For what could be more representative of that marrow than a Zoom meeting? All character, emotion, stage, setting, costume, reduced to a frontal shot from the shoulders up. Minimized to what we can see on individual screens. A wood alcove with a door behind Fersen. A grey screen behind Louis, revealing nothing. The occasional speaker clash from raised voices, a character name at the bottom of a cropped screen.
This streaming production was directed by Rebecca Taichman, who also directed the 2013 Soho Rep production; the direction works well, keeping characters off-screen until they appear, and allowing the stage directions to remain audio-only made the production seem, on the whole, professional and streamlined.
To be clear to those unfamiliar with the work, Adjmi's Marie Antoinette is not a historical play, despite its use of historical events and people. Attempting to view the play as a representation of the actual historical figures is a fruitless endeavor, and one which makes the play less enjoyable.
The characters, events, and relationships are so separated from reality that there's often no reconciling them with the historical fact or figure. You will not gain insights about the real Louis XVI or Marie Antoinette, except perhaps one that is already known: that she was a public figure to the extreme degree, with all of the benefits and pitfalls that come with that role.
Instead, history here is an impression, used symbolically and interspersed with familiar events and names that a general audience will recognize, though they are not depicted accurately. The fall of the Bastille, Robespierre, the flight to Varennes, Marie Antoinette herself, are all twisted and used to suit the needs of the narrative.
|image: the only costumes that appear in the production; "farmer" disguises for the ill-fated flight to Varennes
The play was written during the prominence of the “1%/99%” social movement, as well as a significant rise in celeb culture that saw 'social celebs' like the Kardashians take center stage, and its script circles around these themes throughout both Acts: at the pitfalls and vapidness of celebrity culture; at our need to consume and discard people in the spotlight; at the dangerous ignorance that living in a bubble brings; and at the righteous, inevitable backlash from the people who are on the other side of that bubble.
These themes just as true today than they were when the play premiered in 2013. If anything, the swift rise of social media personalities and an increasing focus on the disconnection between the ultra-wealthy and the average person has brought Adjmi's Marie Antoinette--both the play and titular character--even closer to our understanding than before. There's no denying that a meta line about America being a failed experiment feels far more poignant in 2021 than it did in 2013.
While Adjmi's script is at times too repetitive, too flighty or (in Act II) too unbalanced with weighty philosophy that contrasts heavily with the poppier dialogue in Act I, the performances in this reading bring the script and characters to a high level worthy of introspection--and, with the on demand option, rewatching.

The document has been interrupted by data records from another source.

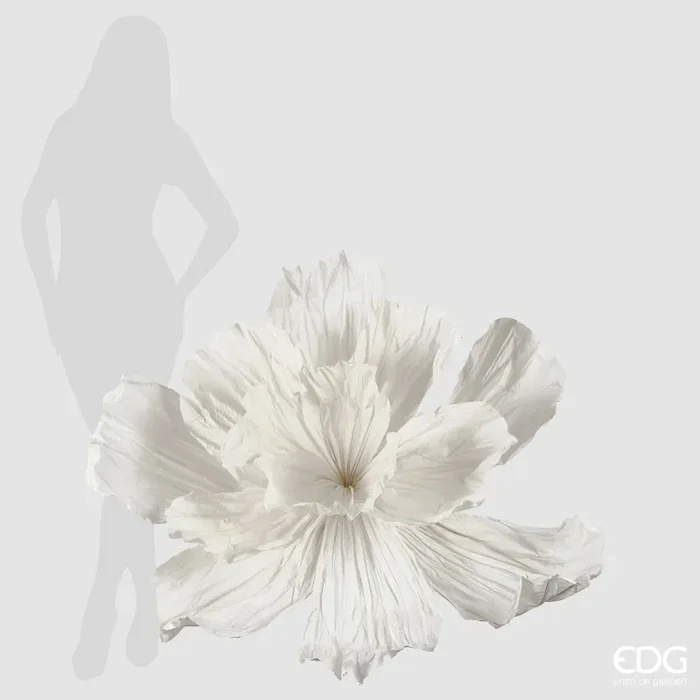 EDG Enzo De Gasperi Peonia Jumbo da Appendere H 70 Cm D 100 Cm White - immagine 2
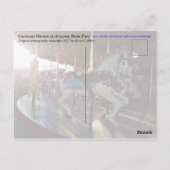 Farbenfrohe Karussellpferde / Karnevalsritte / Postkarte (Rückseite)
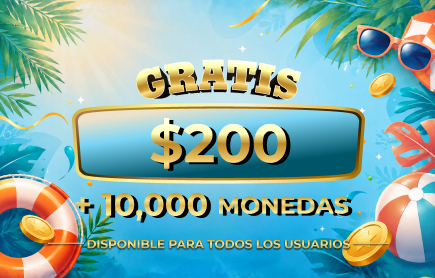 Rifa GRATIS de Julio de 2026: $200 + 10.000 monedas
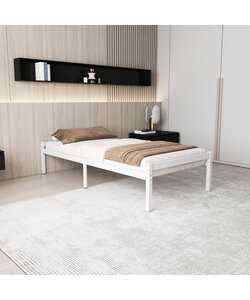 metalen bedframe Luuk White 90x200 cm - 1 persoons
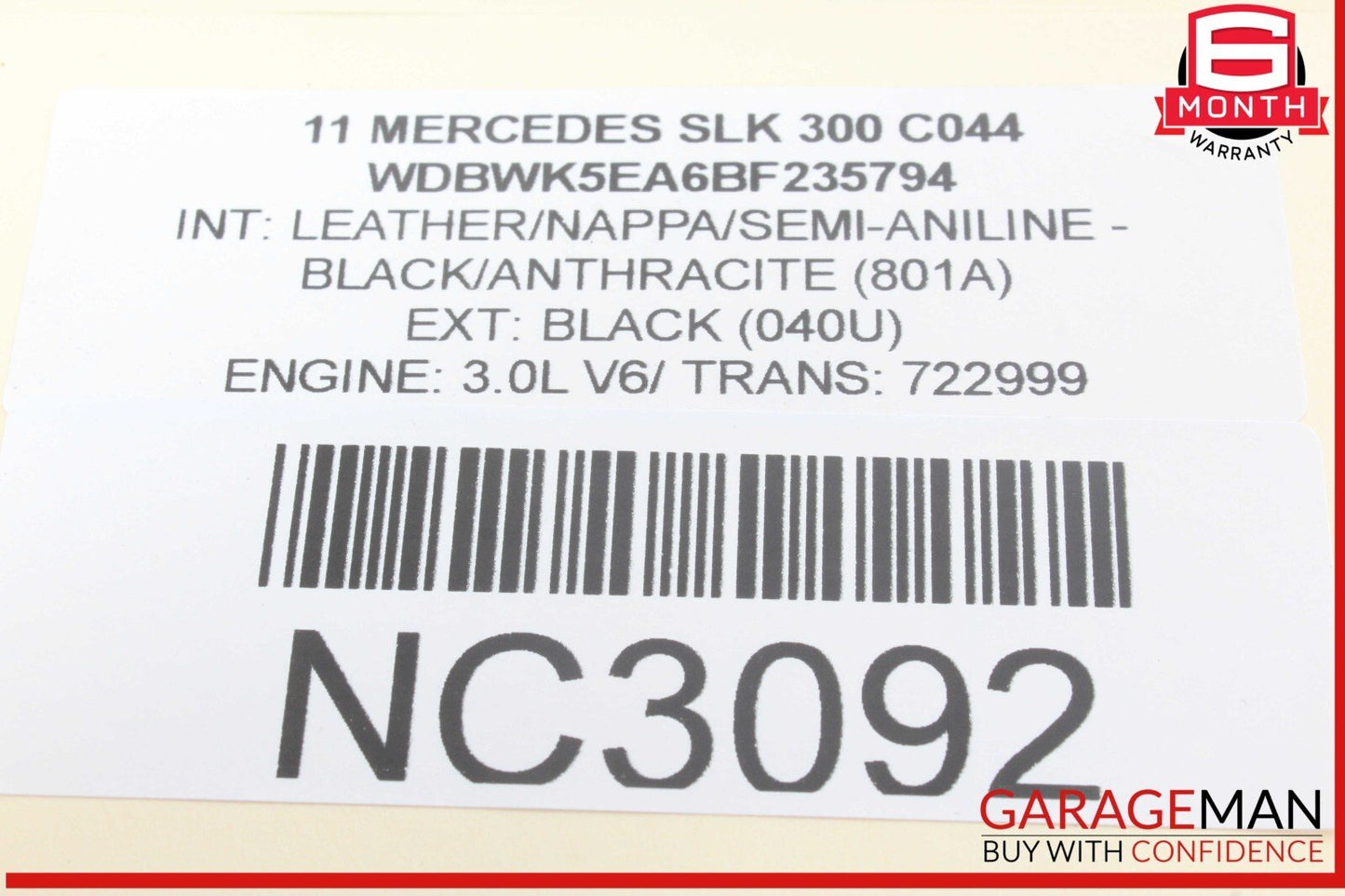 09-11 Mercedes R171 SLK300 Roof Convertible Top Control Module OEM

In particular, Steven Rattazzi as Louis XVI brings pathos to Adjmi's childlike stereotype of Louis XVI. His most compelling scene is one that is historically ludicrous: in Adjmi's play, Louis XVI visits Paris and is a personal witness to the fall of the Bastille, returning to Versailles with a Phrygian cap on his head. Accuracy aside, it's a fascinating character scene in which the revolution has been placed literally on top of the passive Louis XVI's head, and Rattazzi's unsure reluctance in confronting what exactly this means--and his desire to have someone, anyone, make a decision for him--is fascinating to watch.
His awkward and subdued Louis XVI is a contrast to Ireland, who snarks and bites and laughs and bustles with the energy that Rattazzi's Louis lacks. His final scene, in which he quietly serenades an infinitely stressed Marie with a song, tears in his eyes, ends with a sad, desperate stare of realization before the entire imprisoned family bursts into painful, stark laughter.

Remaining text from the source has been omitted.